United States District Court, E.D. Missouri, Eastern Division

October 17, 2014

DENNIS BRIAN ANDERS, et al., Plaintiffs,


E. RICHARD WEBBER, Sr., District Judge.

This matter comes before the Court on Plaintiffs Dennis Brian Anders, Lara Anders, Regina Autrey, Diana Banks-Joiner, Catherine Barbee, Mark Barbee, Eula Berry, Linda Betcher, Sheila Bottorf, Margaret Brown, Eddie Brown, Bradley Burdette, Westley Christian, Tracy Christian, Lisa Conroy, Jeffrey Conroy, Linda Coombs, Donald Coombs, Carolyn Davis, Rickey Davis, Joseph Dressler, Jr., Mark Durand, Tracie Durand, Angela Edwards, Michael Heller, John Fairley, Clara Bridget-Fairley, John Fowler, Jennifer Fowler, Leslie Foxworth, Karen Freeman, Mell Furman, Richard Furman, Julia Gabino, Clifton Groves, Horace Harshaw, Ronald Hatchell, Sondra Hatcher, Jason Hatcher, Cynthia Hatcher, Anthony Hawkins, Delores Hawkins, Jerome Hicks, Tammy Jeans, Jason Jeans, Lorenzo Johnson, Marion Johnson, Amanda Keeton, Trisha Keim, Wesley Kercheval, Douglas Kolhoff, Jason Kost, Molly Savage-Kost, Walter Lacroix, Steven Lenhart, Tammy Jones-Lenhart, Mark Lester, Mozell Lynch, Mayme Martin, Sophronia McCord, Gwendolyn Menard, Joseph Fleming, Dennis Mojica, Grismilda Mojica, William Muirhead, Jenny Muirhead, Juvenal Nieves, Caldonia Patrick, Donna Poole, Joey Poole, Lerisce Powell, Erick Powell, Doris Randle, Walter Randle, Jr., Eddie Roberson, Jessica Roberson, Kendra Williams Russell-El, John Russell-El, Jennifer Shanedling, Sharon Sharp, Scott Shepherd, Tammy Lynn Shepherd, Stephen Sparagno, Margie Sparagno, Wilbur Spaulding, Richard Steinman, Jr., Sandra Steinman, Dellarine Takieddine, Cynthia Taylor, Linda Tinney, James Tinney, Trevor Towne, Reggie Waddle, Barbara Waddle, Sheryl Jacqueline Whitmire, Daniel Williams, Leah Winzer, Christopher Winzer, and Thomas Yellowwolf, Jr.'s Motion to Remand [ECF No. 15].

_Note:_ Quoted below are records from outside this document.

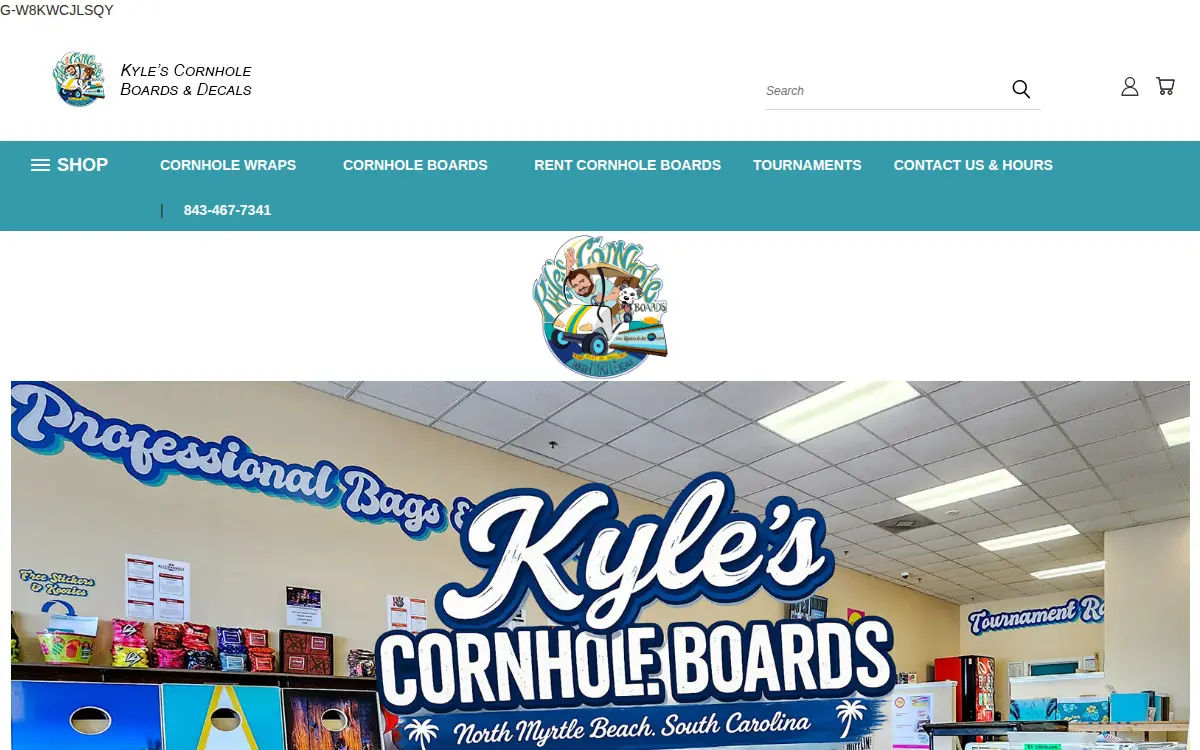 Homepage of Kyles Cornhole Boards LLC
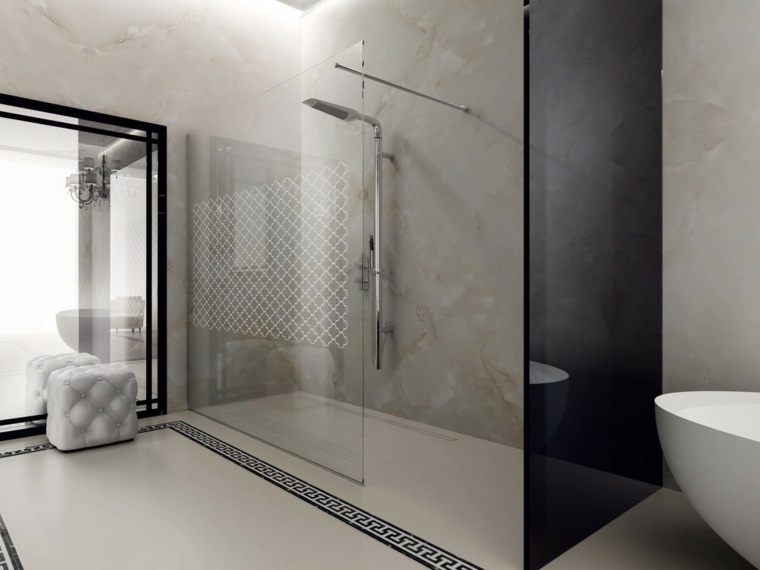 salle de bain colonnes douche italienne paroi verre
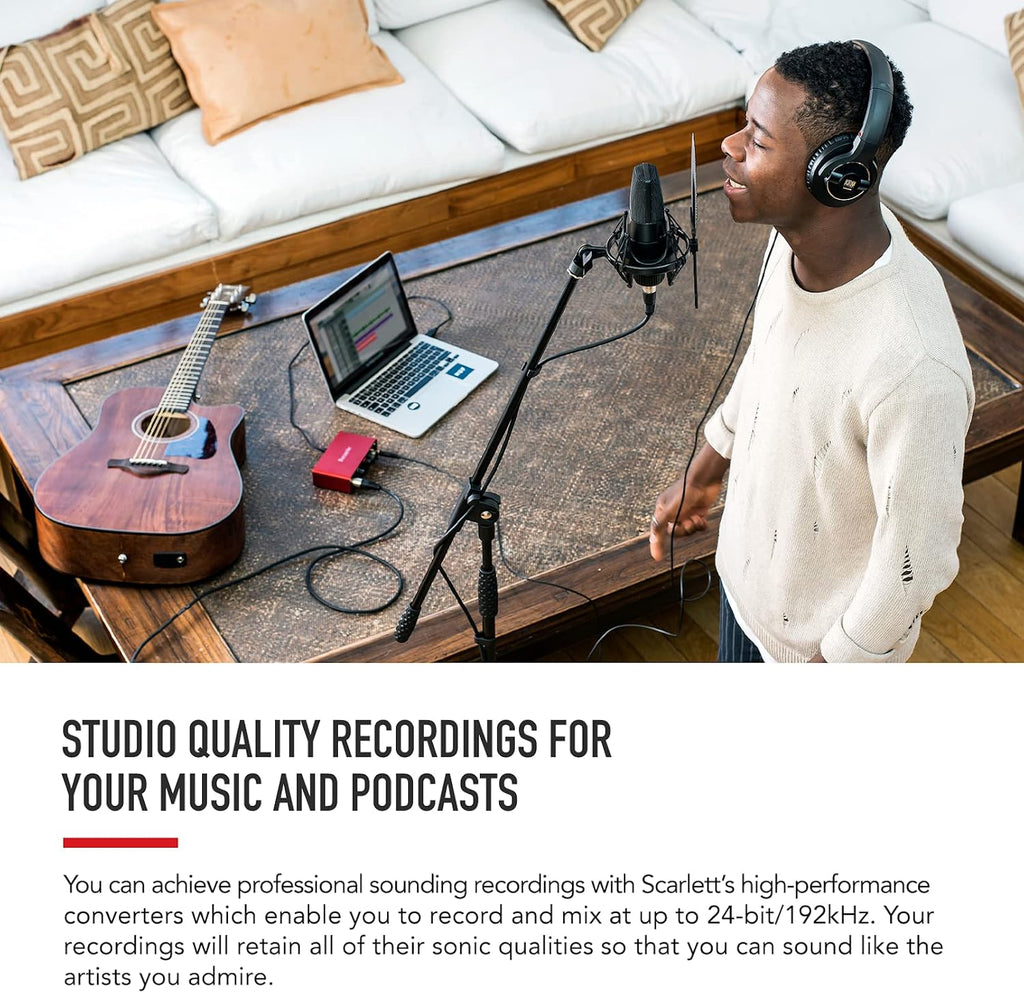 Focusrite Scarlett Solo 3rd Gen USB Audio Interface for Guitarists, Vocalists, Podcasters or Producers to record and playback studio quality sound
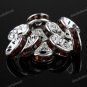 10PCS COFFEE CRYSTAL SILVER SPACER LOOSE BEADS FINDINGS 10MM
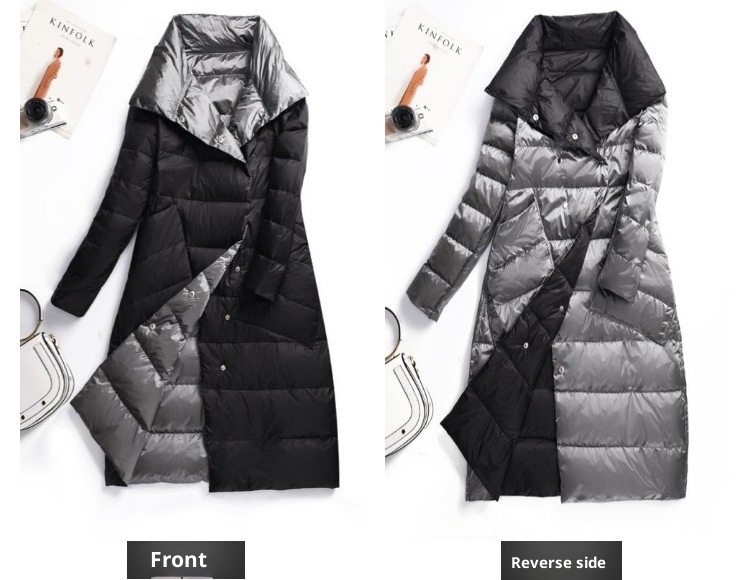ChicShe Cross-Border Lightweight Down Jacket For Women, White Duck Down, 2024 Winter New Mid-Length Double-Sided Over-the-Knee_voghion.com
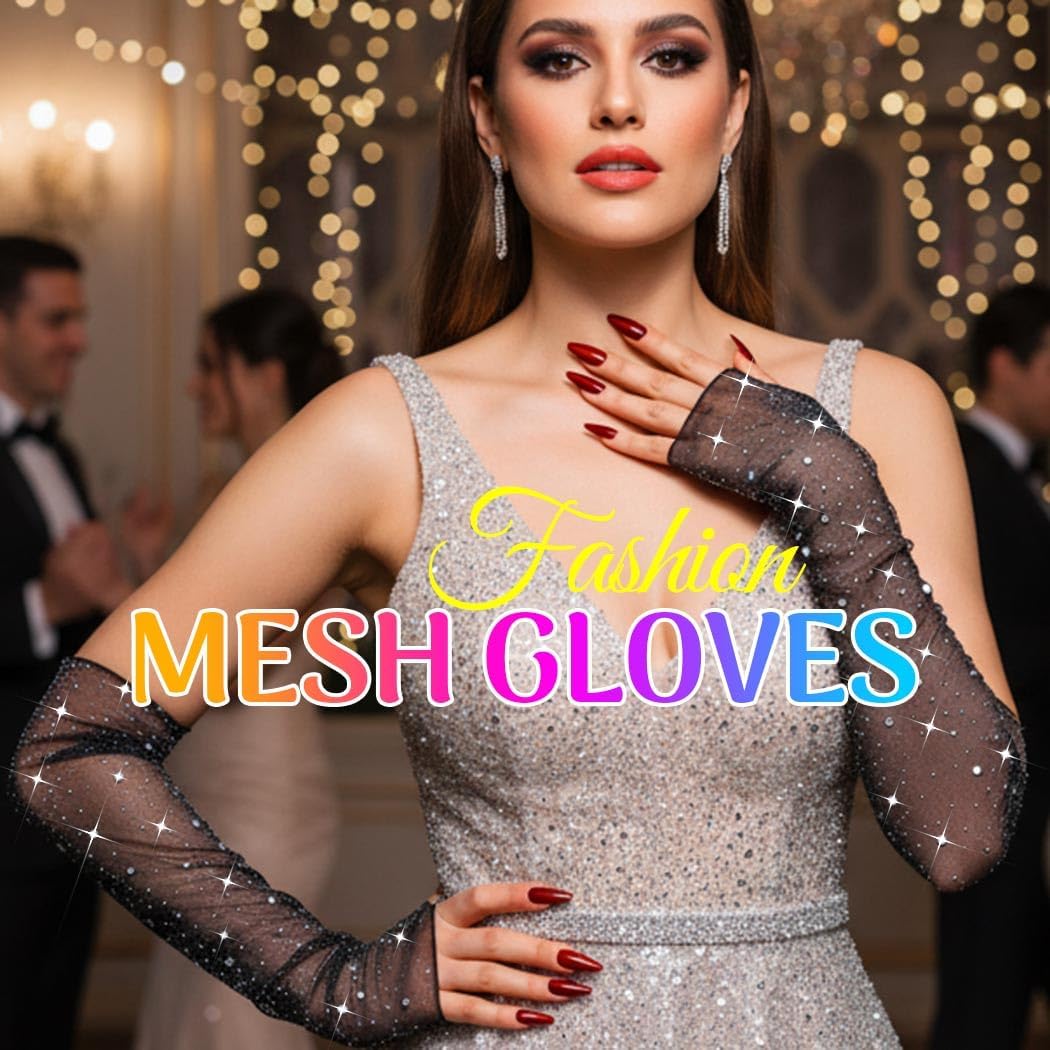 CASDRE Sparkly Rhinestone Long Gloves Fingerless Mesh Elbow Length Arm Sleeves Prom Costume Gloves for Women - Image 4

On December 26, 2013, Plaintiffs filed a Petition against Defendants Medtronic, Inc., Medtronic Sofamor Danek USA, Inc., and Does 1 through 100[1] in the Circuit Court of the City of St. Louis, Missouri. The Petition alleges injuries related to the Infuse® Bone Graft and LT Cage® Device (Infuse®), a medical device designed, manufactured, and sold by Defendants.

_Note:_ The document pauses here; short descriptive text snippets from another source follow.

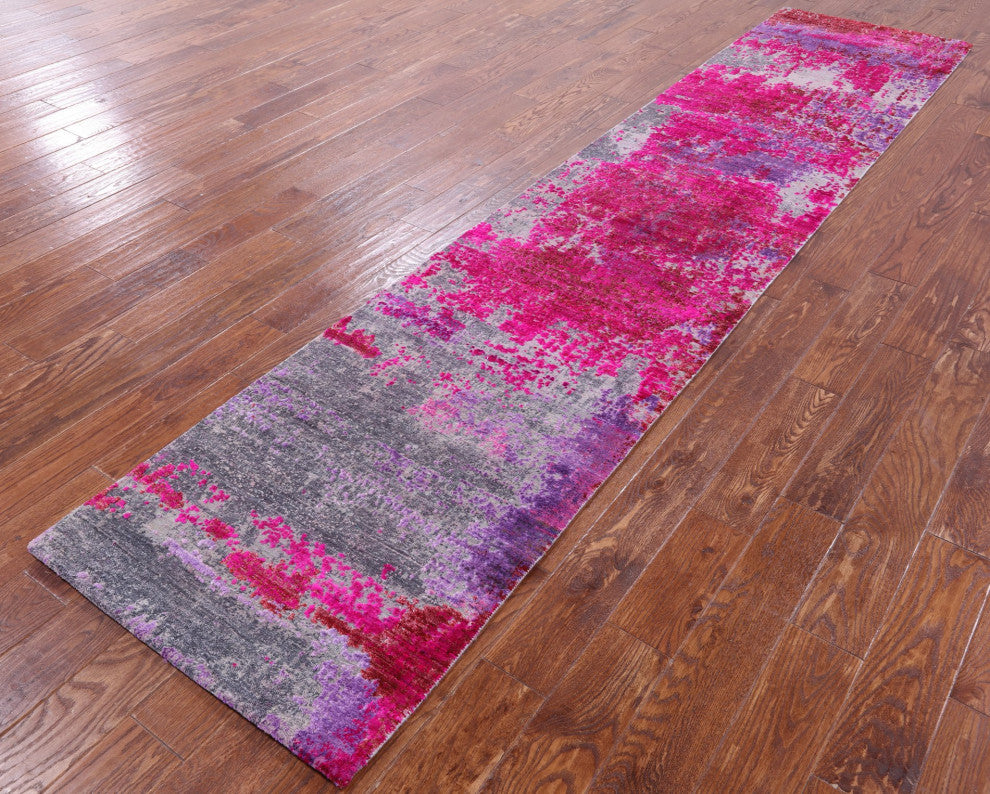 2' 6" X 12' 0" Runner Modern Wool and Silk Handmade Rug Q9085
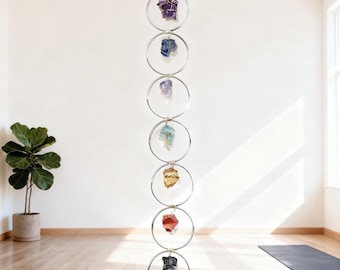 7 Chakra Crystal Hanging - Handcrafted Raw Gemstone Suncatchers, Meditation Wall Art for Healing Energy, Boho Spiritual Home Décor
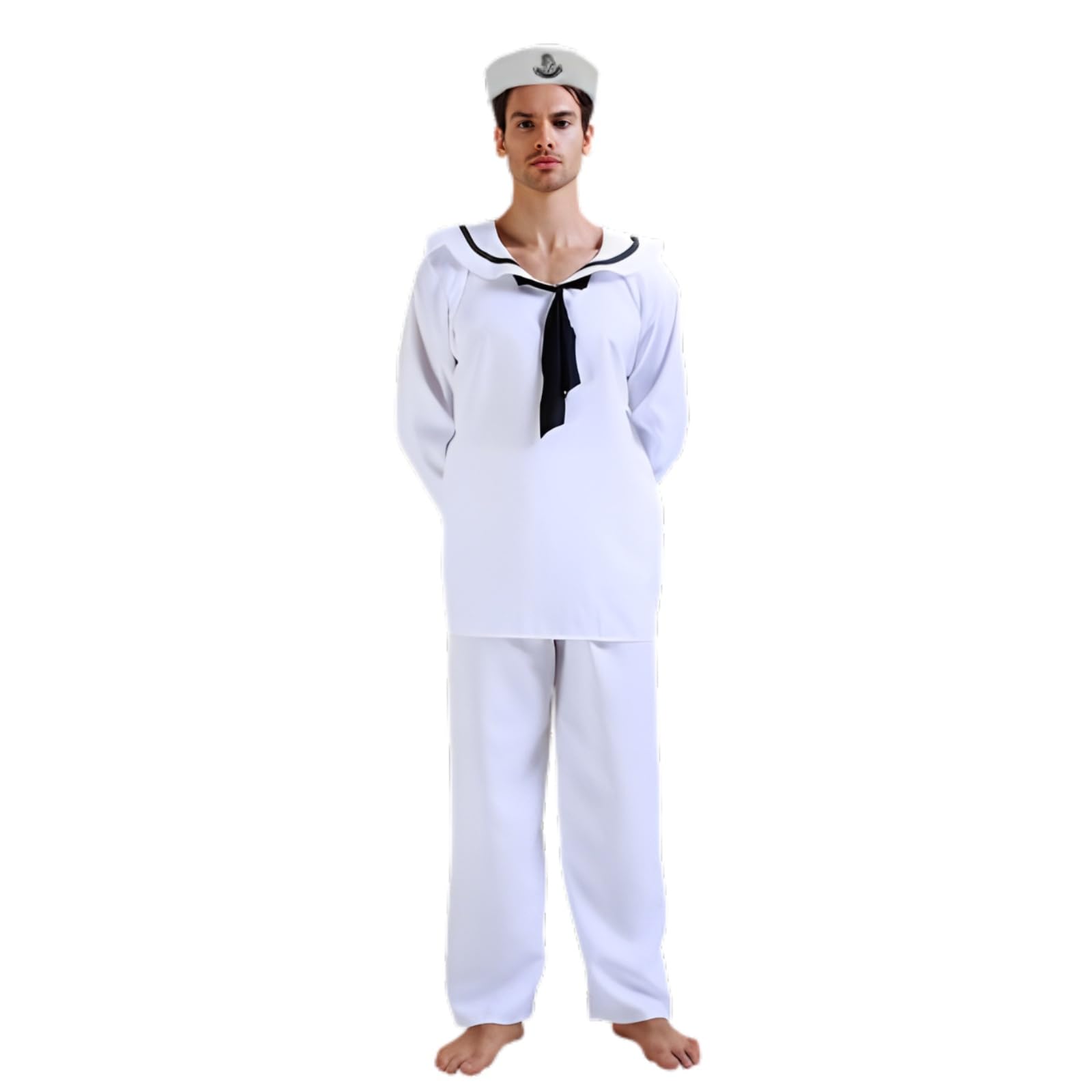 【送料無料】[APOSITV] 水兵 メンズ コスプレ セーラー 男性用 衣装 ハロウィン アンカー刺繍入り帽子 ..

Infuse® is a "Class III" device, that is, a device "that presents a potentially unreasonable risk of injuring patients or that is used to sustain life." In re Medtronic, Inc., Sprint Fidelis Leads Prods. Liab. Litig., 623 F.3d 1200, 1203 (8th Cir. 2010) (citing 21 U.S.C. § 360c(a)(1)(C)). Class III devices are approved by the United States Food and Drug Administration (FDA) through a rigorous Premarket Approval (PMA) process, after assurances from the manufacturer that the device is safe and effective. Id. The PMA process typically involves a "multivolume application, " including, among other things, "full reports of all studies and investigations of the device's safety and effectiveness that have been published or should reasonably be known to the applicant, " "a full description of the methods used in, and the facilities and controls used for, the manufacture, processing, and, when relevant, packing and installation of, such device, " and "a specimen of the proposed labeling." Riegel v. Medtronic, Inc., 552 U.S. 312, 318 (2008) (citing 21 U.S.C. § 360e(c)(1)) (internal quotations omitted).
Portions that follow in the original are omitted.